A l'époque de son impressionnant 'Mère et fils' (en 1997 – ce qui ne nous rajeunit guère), émouvante pietà inversée où un type mutique accompagnait l'agonie de sa mère dans une maison isolée, Alexandr Sokourov faisait déjà bien parler de lui pour son traitement audacieux de la couleur, peignant alors à même la pellicule ses teintes contemplatives et oniriques. On avait d’ailleurs rarement vu des nuages aussi hypnotiques.

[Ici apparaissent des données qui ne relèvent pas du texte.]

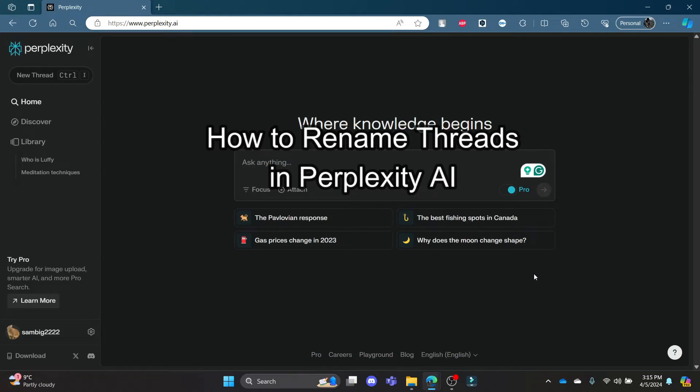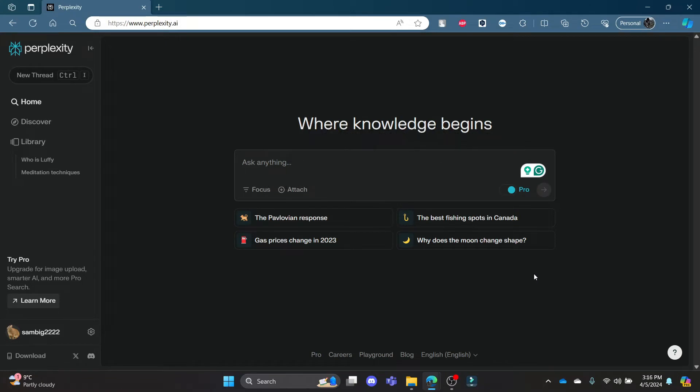Do you want to know how you can rename your threads in Perplexity.AI? If yes, then this video is for you. Hello and welcome to AI Basics. It's your host back again with yet another interesting tutorial video.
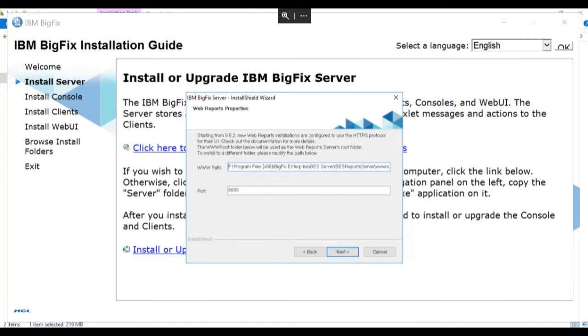The next screen shows us the web report server's root folder. Again, there should be no reason to change the settings on this page unless we need to change the port. We're going to accept the default settings on this page and click next.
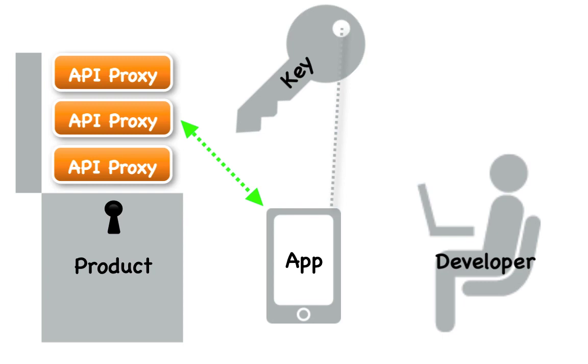And there you have it: products, developers, and developer apps and their keys working in conjunction to provide targeted access to your APIs to your app developers.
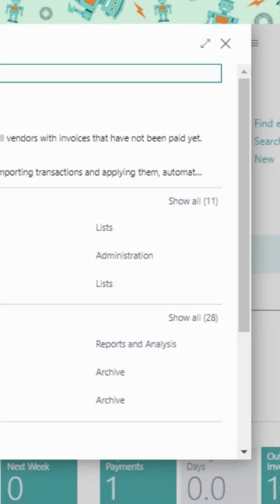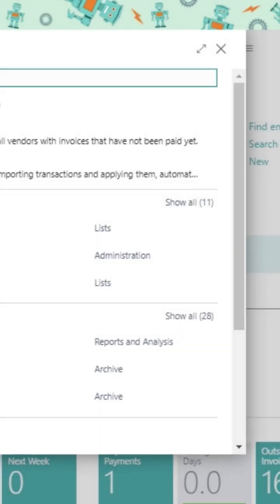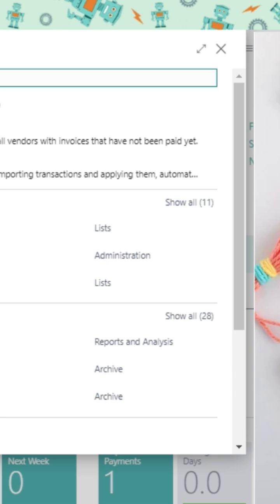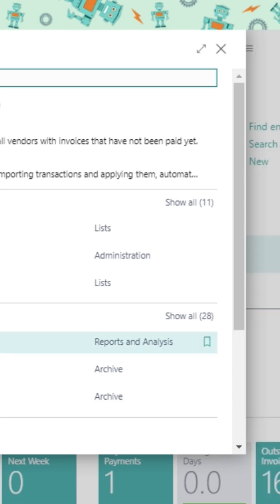To bookmark your favorite report, you need to type the report name using the search box into the pages and tasks or report analysis section. So here it is. Now check for the bookmark icon. This is showing as not bookmarked.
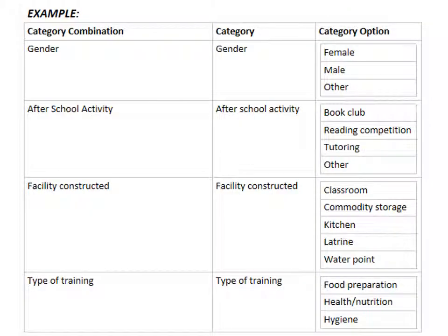Here we have a few other category combinations just to give you some more examples. For gender we have female, male, other; and for after school activities we have book club, reading competitions, and so on.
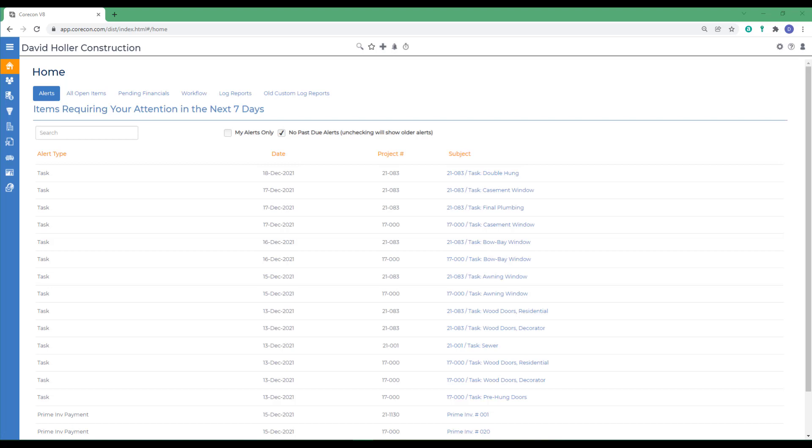This GORCON training video covers a feature found in the leads and under projects called Drawing Specs and Invitations to Bid. Specifically in this training video, we're talking about drawings.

Seulement, tout cela se passait au siècle dernier et en quinze ans, le numérique a rendu nettement plus aisé – et artificiel, souvent – ce type de traitement pictural de l'image. Ainsi, pour ce 'Faust', qui vient conclure une tétralogie sur le Mal croisant Hitler (‘Moloch’, 1999), Lénine (‘Taurus’, 2001) et l’empereur Hirohito (‘Le Soleil’, 2005), le réalisateur russe en est venu à travailler avec Bruno Delbonnel, chef-opérateur virtuose de ‘Harry Potter', 'Amélie Poulain' ou 'Dark shadows'. Et le résultat est tout simplement stupéfiant. Car si le numérique permet à Sokourov de distordre ses images, de les enrober d'un halo fantasmatique, de jouer sur leur flou ou leur piqué, les effets spéciaux n’ont jamais la moindre gratuité, contribuant à l’affirmation d’une esthétique solide, certes omniprésente mais jamais vulgaire ou tape-à-l’œil.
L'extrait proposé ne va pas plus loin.